We faced a similar situation after the assassination of Indira Gandhi where suddenly the need for a system was felt where none existed! The US will take years to put an intelligent system in place and in its absence they have little option but to do "blanket" checks at all entry points, causing distress to many.

Sadly, there is a growing perception, somewhat justified, that the Muslim community is being unduly targeted. The US state department currently allows residents of 27 countries to enter the US without a visitor visa. Therefore, the mandatory checks done before giving a "visa" are missing.

Shah Rukh Khan has suffered but he was lucky to have spent only two hours with the cops. Being a VIP, he has access to higher authorities with whose help he managed to come out, with a bruised ego. Sadly, with the draconian system currently in place, an ordinary person could be held for months, maybe even years. And there is enough evidence that innocent people have been victimised.

I have some knowledge of the system and I cannot see an immediate solution. But if I had to take a decision then I would side with the security agencies. Every country needs to upgrade its immigration system with new technology. And every country will also have to issue periodic "apologies" while intensifying security procedures.

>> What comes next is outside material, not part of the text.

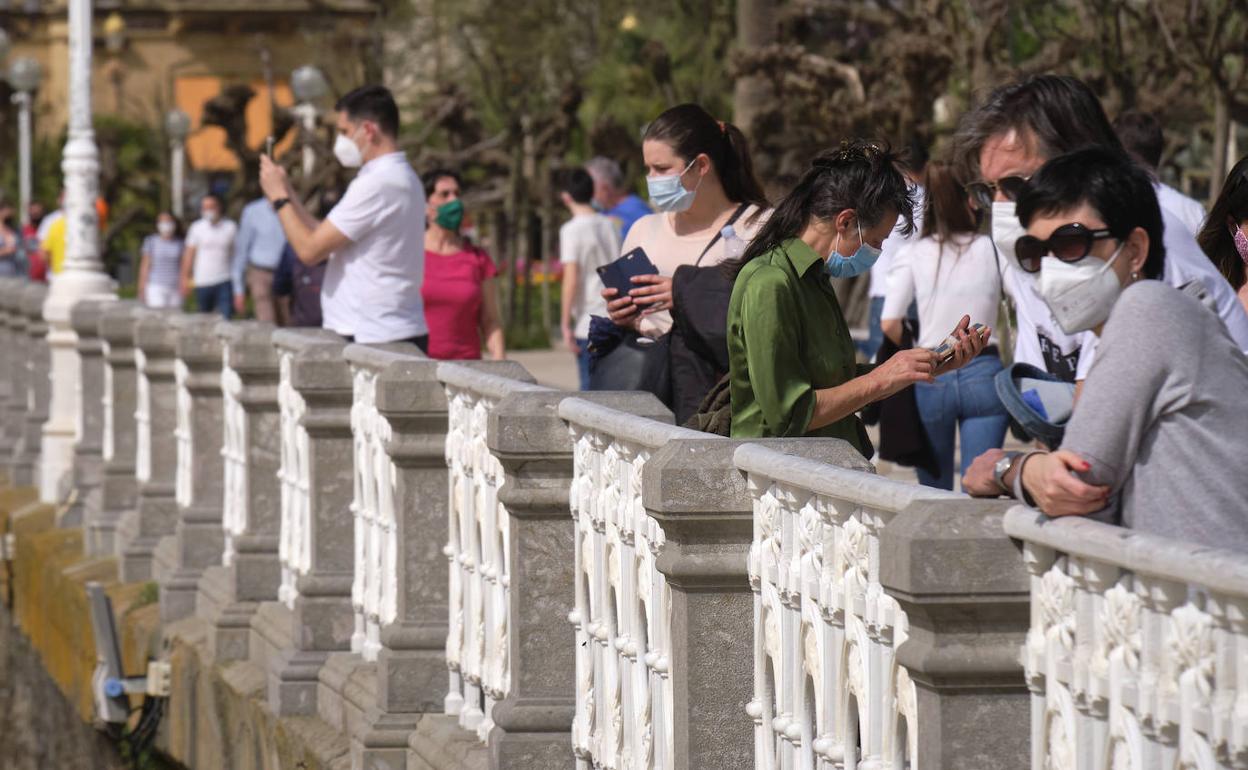 El buen tiempo y las temperaturas veraniegas animan a dar paseos y acercarse al monte o a la playa.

In India, it is a grave error to exempt VIPs from security checks. The US does not make a distinction between VIPs and common people. Senator Edward Kennedy had to undergo security checks on five occasions before the system realised the error!

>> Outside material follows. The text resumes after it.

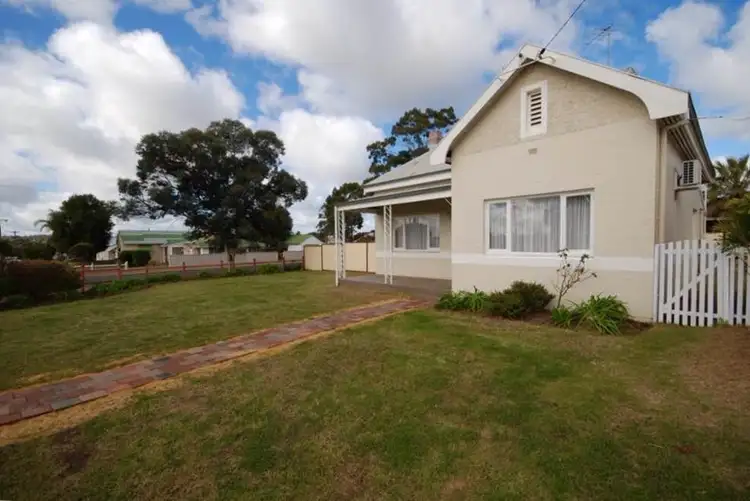 55 Ensign Street, Narrogin WA 6312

My sympathy is with Shah Rukh Khan and everyone else who has suffered, but there is no guarantee that this will not happen to him again, at the same airport with different officials. At the most, we can express our outrage but in the current system it cannot be avoided and unless an alternative system is in place it would be foolish to tamper with the existing security apparatus.

POLITICAL ACTIVITY is yet to gather momentum but we can see some movement in Maharashtra where both the Congress and Nationalist Congress Party (NCP) are demanding more seats from each other. I suppose this is normal in coalition politics. The Congress is in a stronger bargaining position and is familiar with the tactics deployed by Sharad Pawar and the NCP.

The Congress-NCP government suffers from anti-incumbency but it will benefit from the discontentment within the Shiv Sena-Bharatiya Janata Party combine. I don’t see a serious challenge to the Congress in this situation.

The position in Jharkhand is fluid. The public is appalled with the two successive corrupt coalitions and may well look towards the Congress if they are serious about the Central Bureau of Investigation raids involving two close aides of former governor Syed Sibtey Rizvi. It will be difficult to suppress information with the media reporting the matter 24x7. As in Haryana, I see the Congress having an edge over others in Jharkhand.

The electoral battle in Uttar Pradesh will take place in 2012 but the Congress offensive has already started, with Rahul Gandhi leading the charge. And as things stand, they will be the favourites to win the next Assembly elections.

Mayawati and the Bahujan Samaj Party are losing support at a rapid rate. The grave situation of drought and the government’s apathy towards the misery of farmers and others, as demonstraded in the "stone" images and statues, is tragic and should be stopped, if necessary by a public interest litigation in the Supreme Court.

The Congress’ attempt to revive its unit in Bihar will be pursued by greater effort and watched closely by both the Rashtriya Janata Dal and Lok Janashakti Party who are shrinking day by the day. However, they will pose a challenge to Nitish Kumar and the Janata Dal (United) in the long term.

The Congress’ efforts will no doubt continue in Jharkhand, Chhattisgarh, Tamil Nadu and Orissa where they are weak. In Rajasthan, the BJP is determined to destroy its existence by generating an internal struggle with Vasundhara Raje Scindia. In the process, the Congress, along with Ashok Gehlot, will strengthen its grip on the state.

At the Centre, the Congress is consolidating and bracing itself to fight the drought, whilst the BJP, unable to determine its structure for the future, will continue to splinter and lose its relevance. Change, I think, will be forced upon them after the three Assembly elections in Maharashtra, Jharkhand and Haryana.